Retrieval-Augmented Generation (RAG) has become one of the most powerful architectures for combining structured data retrieval with natural language reasoning. While most RAG implementations live in the Python ecosystem, recent advances in .NET’s AI stack have made it fully possible to build an end-to-end RAG pipeline—embedding, retrieval, and generation—within .NET.

In this article, I’ll walk you through how we designed and built a local RAG architecture in C#, starting as a proof of concept (POC) and later evolving into a production-grade Background Verification System.

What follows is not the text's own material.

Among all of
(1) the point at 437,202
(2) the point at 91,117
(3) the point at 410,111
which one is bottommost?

Our goal was to create a fully local and customizable solution, leveraging:

  • LLamaSharp for on-device language model inference
  • ONNX Runtime for high-performance embedding generation
  • PgVector for similarity search in PostgreSQL

Along the way, you’ll learn:

  • How to design a local RAG pipeline using .NET
  • Which libraries and NuGet packages enable tokenization, vector search, and GPU acceleration
  • How we integrated PostgreSQL + PgVector for efficient similarity search
  • The key lessons we learned about performance, scalability, and maintainability in a .NET-based AI system

By the end, you’ll have a clear understanding of how to assemble a fully local RAG architecture in .NET, and how the concepts translate from experimentation to production-ready design.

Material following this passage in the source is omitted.